No project description provided

Project description

Run tests Coverage PyPI PyPI version GitHub code size in bytes

rdflib-ocdm

A Python library that extends RDFLib to support the OpenCitations Provenance Model, providing provenance tracking and change management capabilities for RDF data.

Overview

rdflib-ocdm is designed to be fully compatible with RDFLib while adding specialized functionality for handling provenance information according to the OpenCitations Provenance Model. It provides mechanisms for:

  • Tracking provenance information for RDF entities
  • Managing entity snapshots to record changes over time
  • Handling entity creation, modification, and merging with proper provenance
  • Storing and retrieving RDF data with provenance information

This library serves as a retrocompatible extension to RDFLib that adds support for the OpenCitations Provenance Model, particularly focusing on provenance tracking and change management.

While oc_ocdm is a Python interface specifically designed for creating and managing bibliographic data according to the OpenCitations Data Model, rdflib-ocdm can be considered a subset of both RDFlib and oc_ocdm.
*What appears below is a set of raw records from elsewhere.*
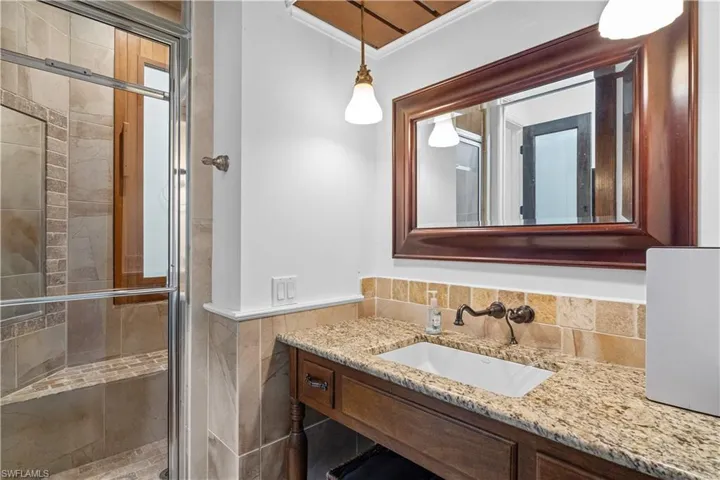 646 111th Ave N, Naples, Florida 34108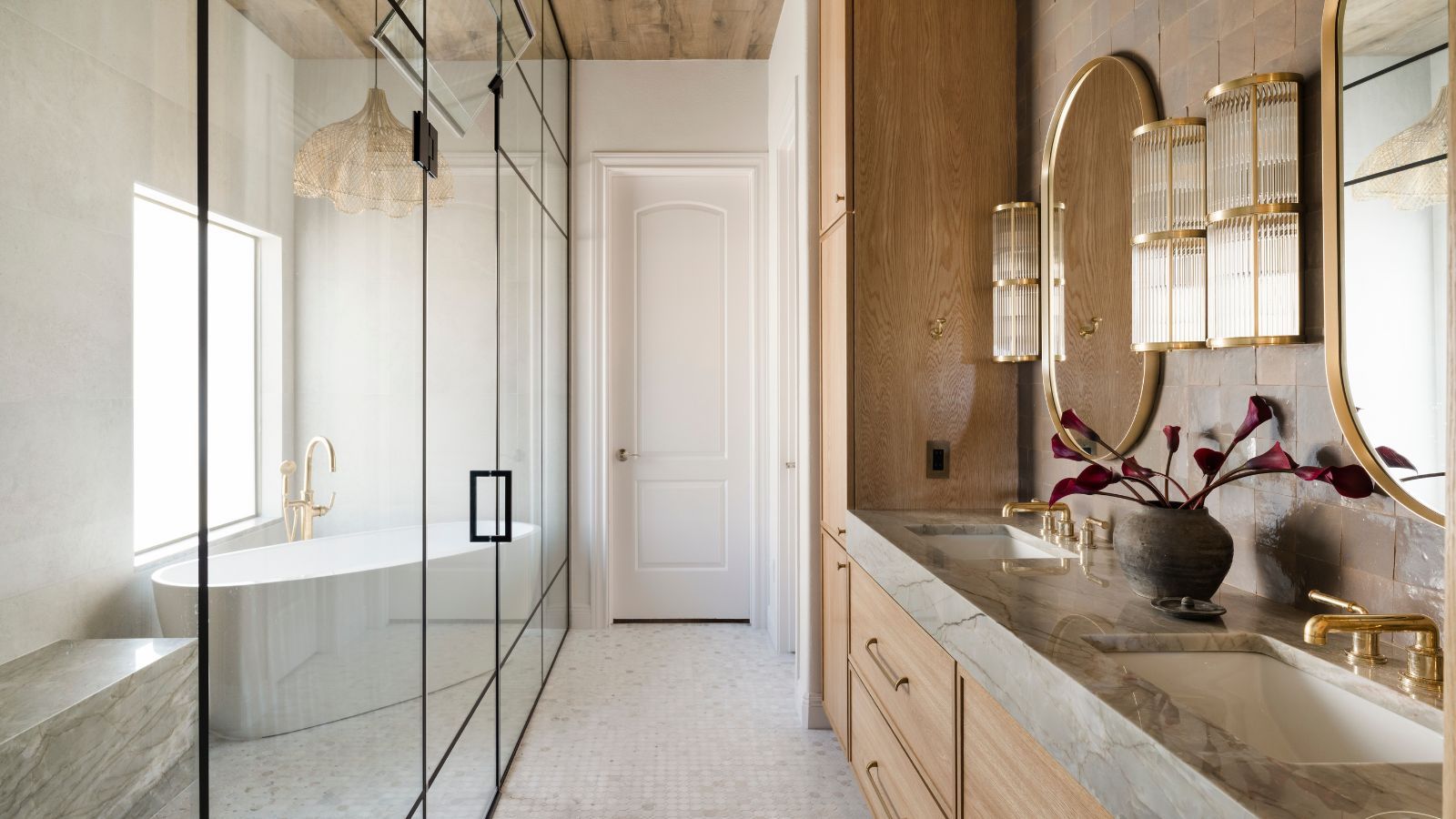 All the Chicest Bathrooms are Embracing a Broken Plan Layout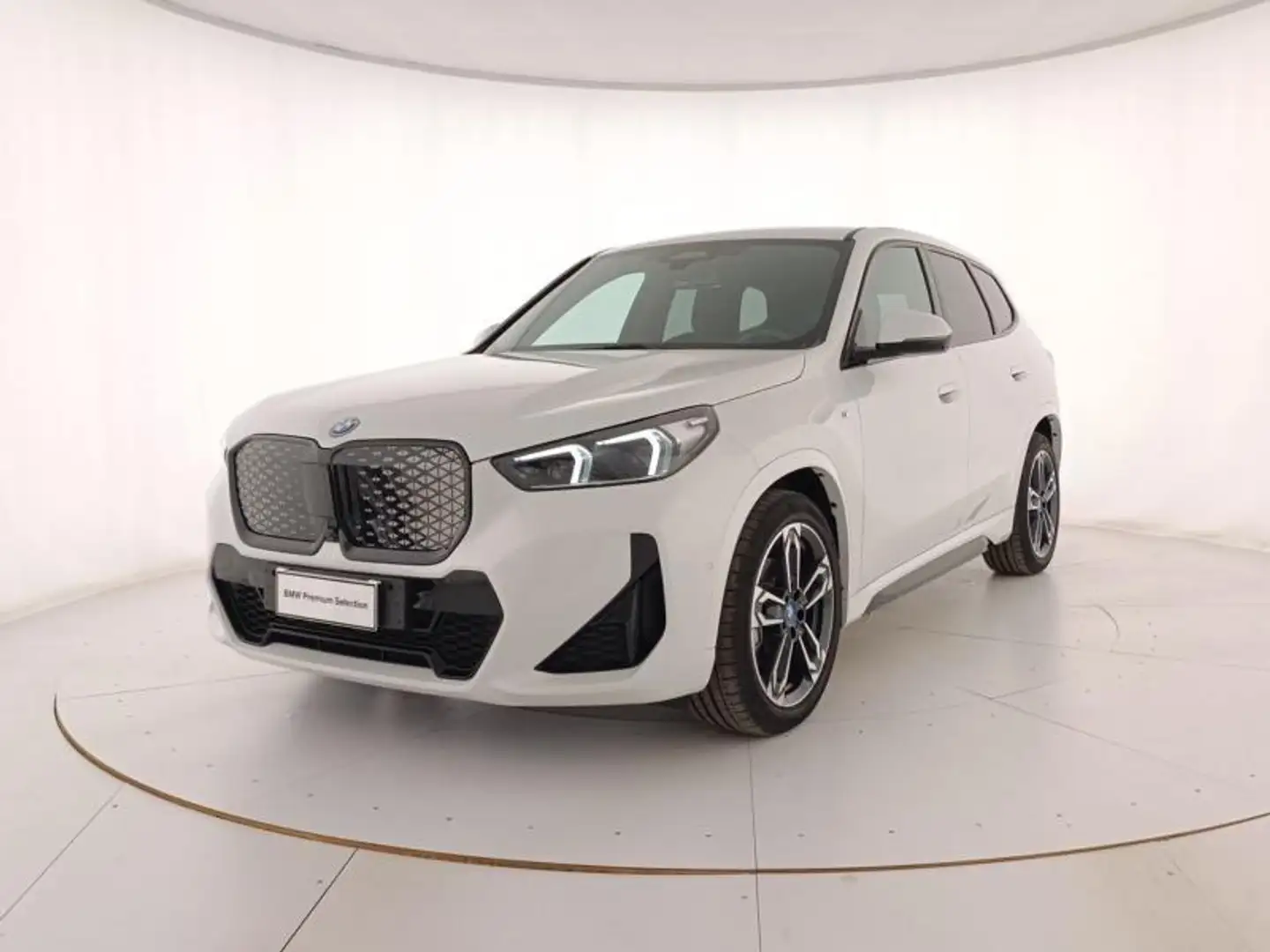 BMW iX1 edrive 20 MSport Bianco - 1
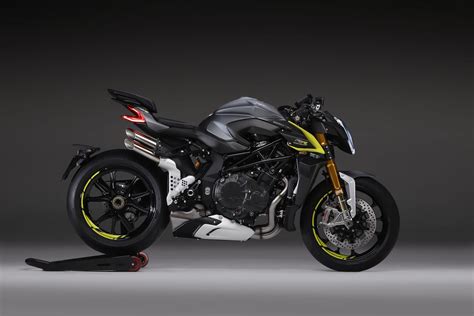 The new imu inertial platform, developed exclusively for mv agusta, has redefined the standards of quality for electronic controls: 2020 MV Agusta Brutale 1000 RR First Look (11 Fast Facts)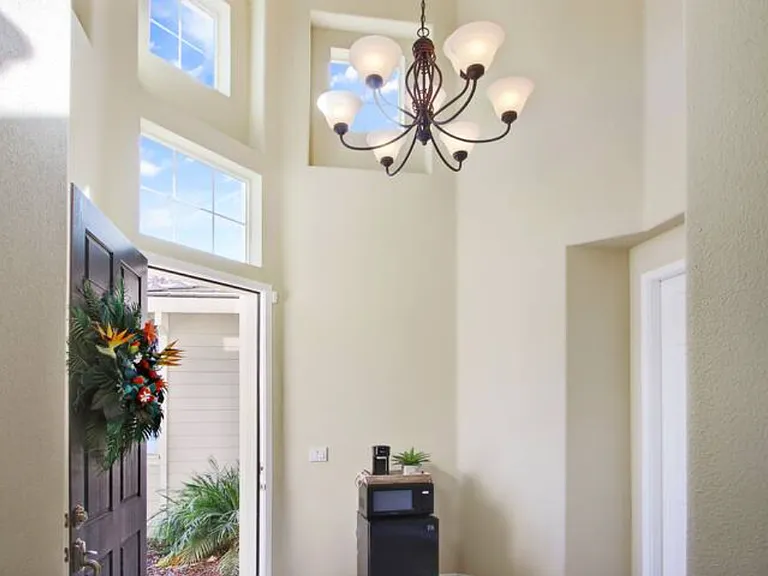 2106 Lighthouse Cir — Photo 5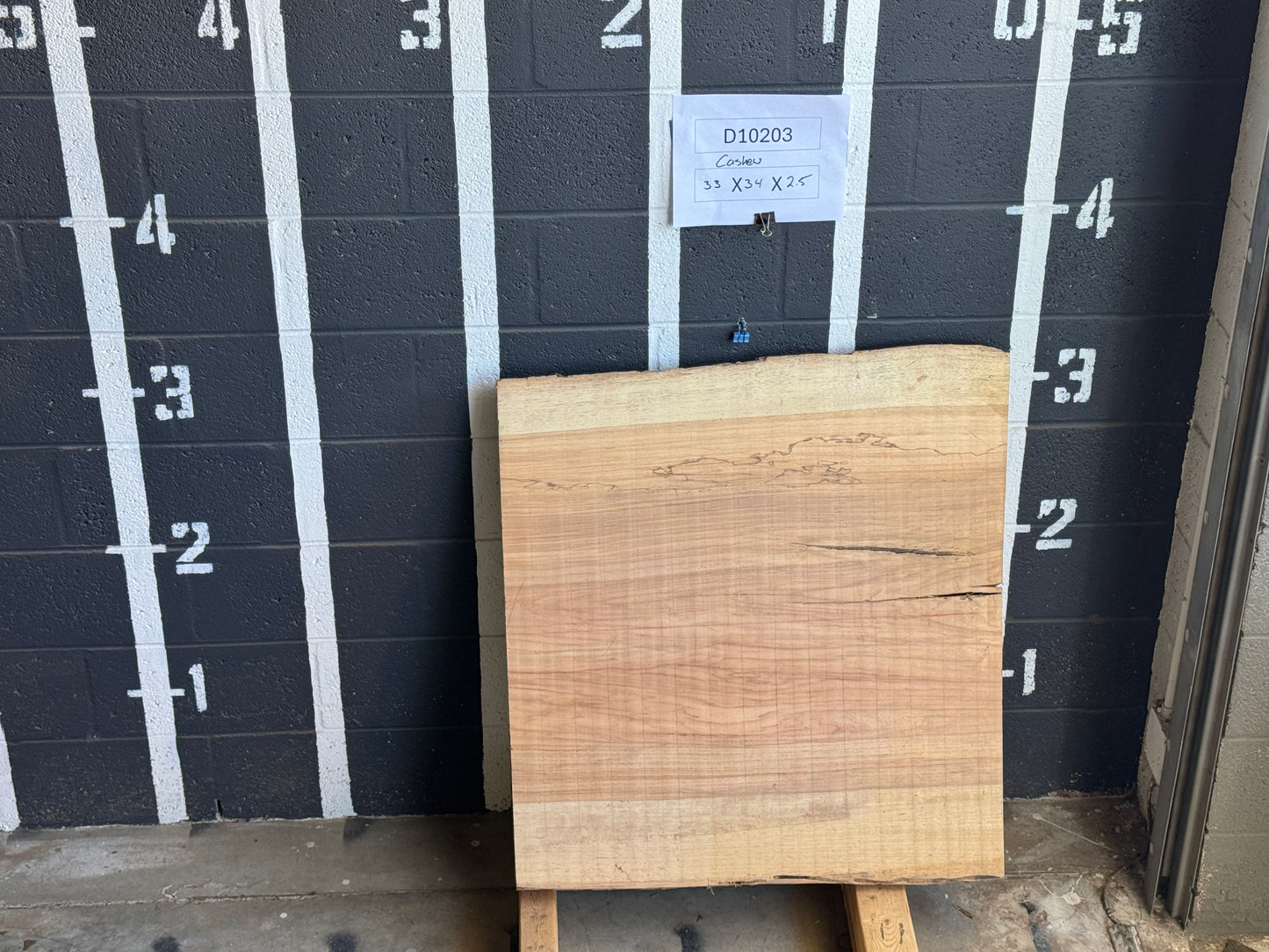 10/4 Cashew <br> 33" x 34" x 2.5" <br> D10203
The key advantage of rdflib-ocdm is that it allows you to use the OpenCitations provenance model with any type of data, not just bibliographic data.

Key Features

  • Extended Graph Classes: OCDMGraph and OCDMConjunctiveGraph that inherit from RDFLib's Graph and ConjunctiveGraph classes
  • Provenance Tracking: Automatic generation of provenance information when entities are created or modified
  • Snapshot Management: Creation and management of snapshot entities to record the state of entities at different points in time
  • Counter Handlers: Various implementations for managing entity identifiers (in-memory, filesystem, SQLite)
  • Storer: Utilities for storing RDF data in various formats and endpoints
  • Domain Agnostic: Unlike oc_ocdm which is specific to bibliographic data, rdflib-ocdm can be used with any type of RDF data

Installation

pip install rdflib-ocdm

Usage

Basic Usage

from rdflib import URIRef, Literal
from rdflib_ocdm.ocdm_graph import OCDMGraph
from rdflib_ocdm.counter_handler.in_memory_counter_handler import InMemoryCounterHandler
from rdflib_ocdm.storer import Storer

# Create a new OCDM graph with a counter handler
counter_handler = InMemoryCounterHandler()
g = OCDMGraph(counter_handler)

# Add triples with provenance tracking
resp_agent = URIRef("https://orcid.org/0000-0002-8420-0696")
primary_source = URIRef("https://api.crossref.org/")
g.add((URIRef("https://example.org/resource"), 
       URIRef("http://purl.org/dc/terms/title"), 
       Literal("Example Resource")),
       resp_agent=resp_agent,
       primary_source=primary_source)

# Generate provenance information
g.generate_provenance()

# Store the graph
storer = Storer(g, output_format="json-ld")
storer.store_graphs_in_file("output.json")

Working with Existing Data

When working with pre-existing RDF data, you need to establish a baseline state from which changes can be tracked. The preexisting_finished method serves this critical purpose:

  1. It marks a specific point in time as the baseline state of your graph
  2. It creates a snapshot of this baseline state for each entity
  3. When you later call generate_provenance(), the system will calculate the differences (deltas) between the current state and this baseline

This delta calculation is essential for accurate provenance tracking, as it allows the system to record exactly what changed, when it changed, and who made the change.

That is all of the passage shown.